Lutherpreisträger bekannt gegeben: Nazigegner statt Pussy Riot
Nicht die russische Punkband sondern Regenburger Wirte, die sich gegen Nazis engagieren, bekommen den Lutherpreis. Die Nomierung von Pussy Riot war umstritten.
EISLEBEN afp | Die Initiative „Keine Bedienung für Nazis“ von Regensburger Wirten wird mit dem Preis der Lutherstädte „Das unerschrockene Wort“ ausgezeichnet. Die Entscheidung sei einstimmig gefallen, teilte die Oberbürgermeisterin von Eisleben, Jutta Fischer, am Samstag mit.
Die Jury hoffe, dass mit dieser Entscheidung eine Initialzündung auf viele andere Städte übergreife. Der mit 10.000 Euro dotierte Preis soll im April in Eisleben verliehen werden. Die Lutherstadt Wittenberg hatte die russische Punkband Pussy Riot für den Preis vorgeschlagen, was für Kritik sorgte.

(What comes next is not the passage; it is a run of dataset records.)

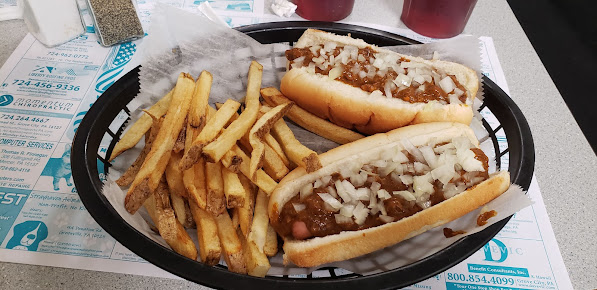 Photo Hermitage Family Restaurant Hot Dog Hut - 13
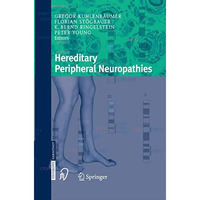 Hereditary Peripheral Neuropathies [Paperback]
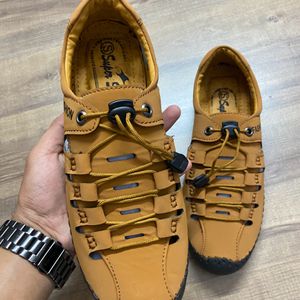 Stylish Casual Sandals For Men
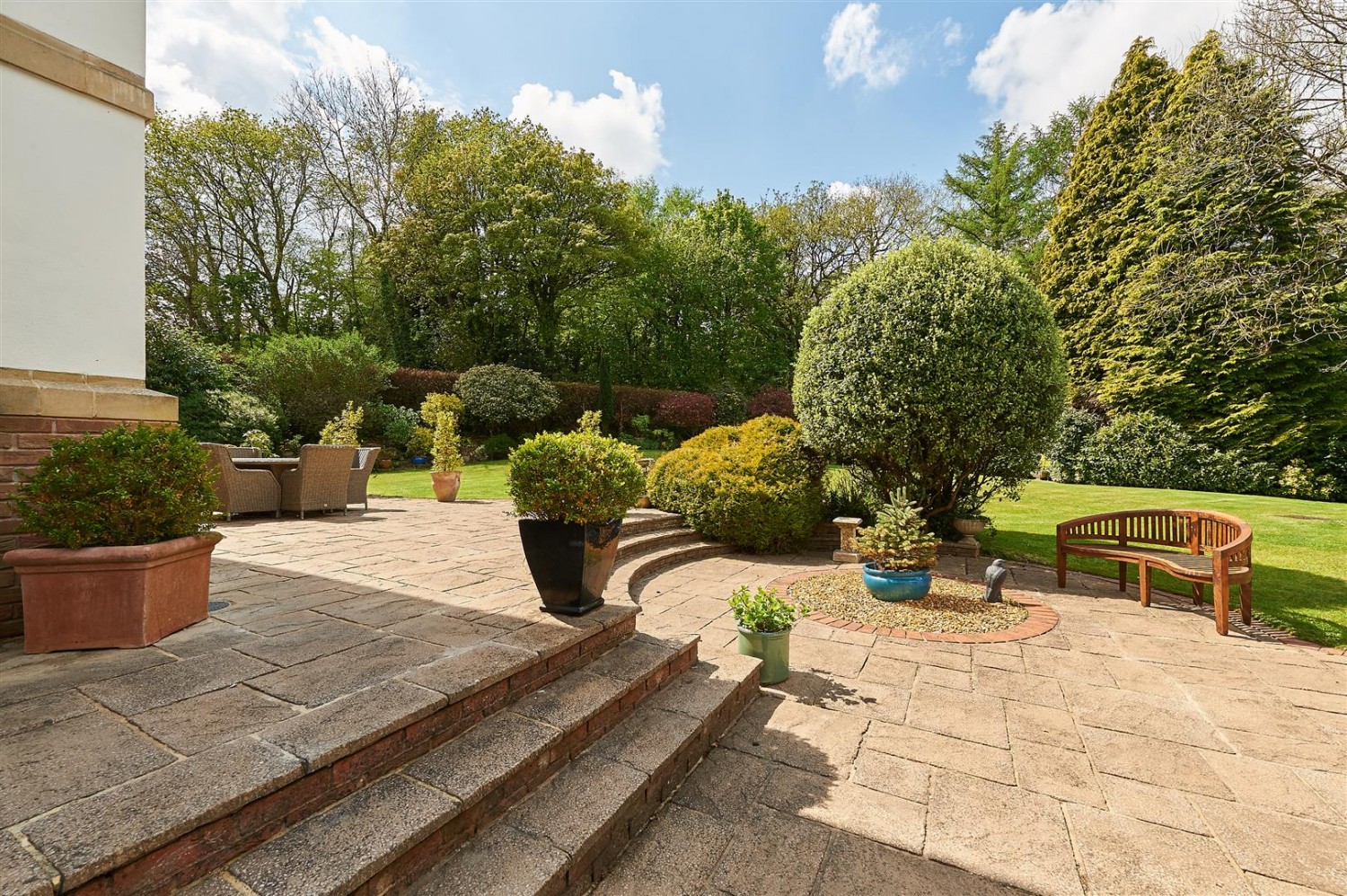 Manor Road, Abbots Leigh, Bristol, BS8, 4 bedroom, House Detached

Die von Regensburger Gastronomen gegründete Initiative geht auf einen rassistisch motivierten Angriff auf einen Barkeeper zurück, der bei einem tätlichen Übergriff von Neonazis auf eine junge Frau mit Kind mutig eingriff. Inzwischen haben sich fast 150 Regensburger Wirte der Initiative angeschlossen. Mit einem 2011 entworfenen Aufkleber „Nazis werden hier nicht bedient“ zeigen die Wirte nach außen Flagge. Eine zeitgleich entwickelte Broschüre „Rassisten werden hier nicht bedient“ soll den Gastronomen bei der Erkennung und beim Umgang mit Nazis helfen.
Der Preis „Das unerschrockene Wort“ wurde 1996 ins Leben gerufen und wird alle zwei Jahre von den 16 deutschen Luther-Städten verliehen. Mit ihm sollen Persönlichkeiten geehrt werden, die im Sinne des Reformators Martin Luther Zivilcourage gezeigt haben und sich auch von Widerständen nicht beirren ließen.
Umstrittene Nominierungen
Zu den bisherigen Preisträgern gehören unter anderen der Schweizer Theologe Hans Küng, der Liedermacher Stefan Krawczyk und die Redaktion der russischen Tageszeitung Nowaja Gaseta.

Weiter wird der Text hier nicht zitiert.